INTERVIEWER: under Strengths you’ve written ‘dishonesty’…?
ME: No I haven’t
Ghosting someone sounds like a euphemism for murder.
Any restaurant is a Drive-Thru if your brakes fail.
My cat’s birthday is tomorrow and my mean boss said I still have to come to work this week.
I like to do laundry in stages. For example, right now I’m in denial that I should be doing laundry.
I carry dental floss with me at all times because you never know when you’re going to need to garrotte a co-worker.

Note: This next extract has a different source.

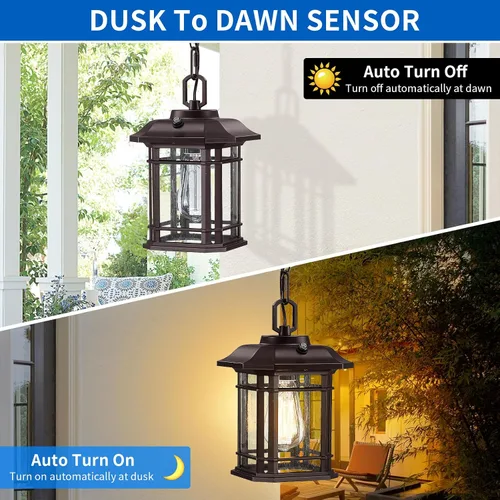 Miniatura 2 de Lámparas colgantes de 10.25 pulgadas para exteriores del atardecer al amanecer para porche, faroles colgantes exteriores, lámpara de techo al aire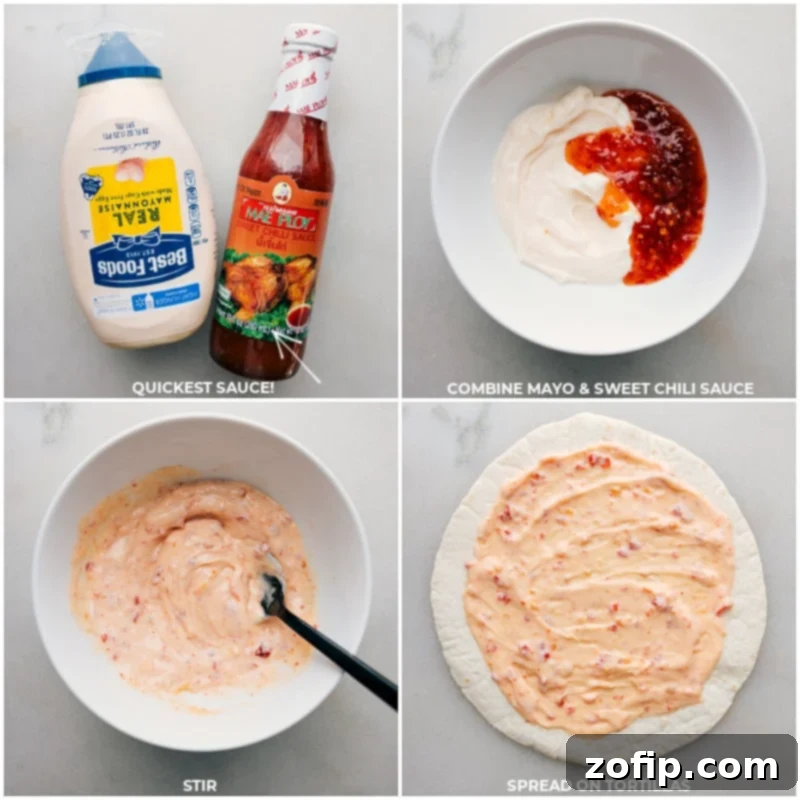 A tortilla generously spread with the creamy two-ingredient mayo and sweet chili sauce, preparing for assembly of the Thai Chicken Wraps.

My wife left me by doing the “stairs behind the sofa” thing and never came back
I used to get bullied online.
Until one day I walked up to the biggest computer in Best Buy and beat the shit out of it.
Me: Of course I’m an adult, I pay bills
Also me: NO, YOU MAY NOT BORROW MY DARTH VADER SIPPY CUP.
HOW MANY ANTS HAVE YOU HAD TONIGHT, SIR?
Luckily my rib cage protects my heart better than my head does.
“I don’t have that many gray hairs. I’ll just pluck them out.”
aaaaand….now I’m bald.
New cyclist: I have a new $3k bike, what else do I need
Bike shop: [pulling out the stupidest looking outfit they can find] this
SPOILER ALERT: the girl the singer of The Piña Colada Song meets turns out to be “his own lovely lady!”
Bond sequel idea: His license to kill is downgraded to a license to hit people with his car but not so badly that they die
Wealthy person whose material needs are met without question who also meditates sometimes: Meditation is my secret weapon.
Deciding to work in HR is like choosing to be the dorm RA for the rest of your life
I went to high school with these people on Facebook, so I’m confused on how they didn’t learn HOW TO SPELL.
Yes I am 45, male and love cats. Recently I posted a selfie. It could be worse though, right? Hello?
I just lost all my tabs. Only now do I understand the tragedy that was the burning of the Library of Alexandria.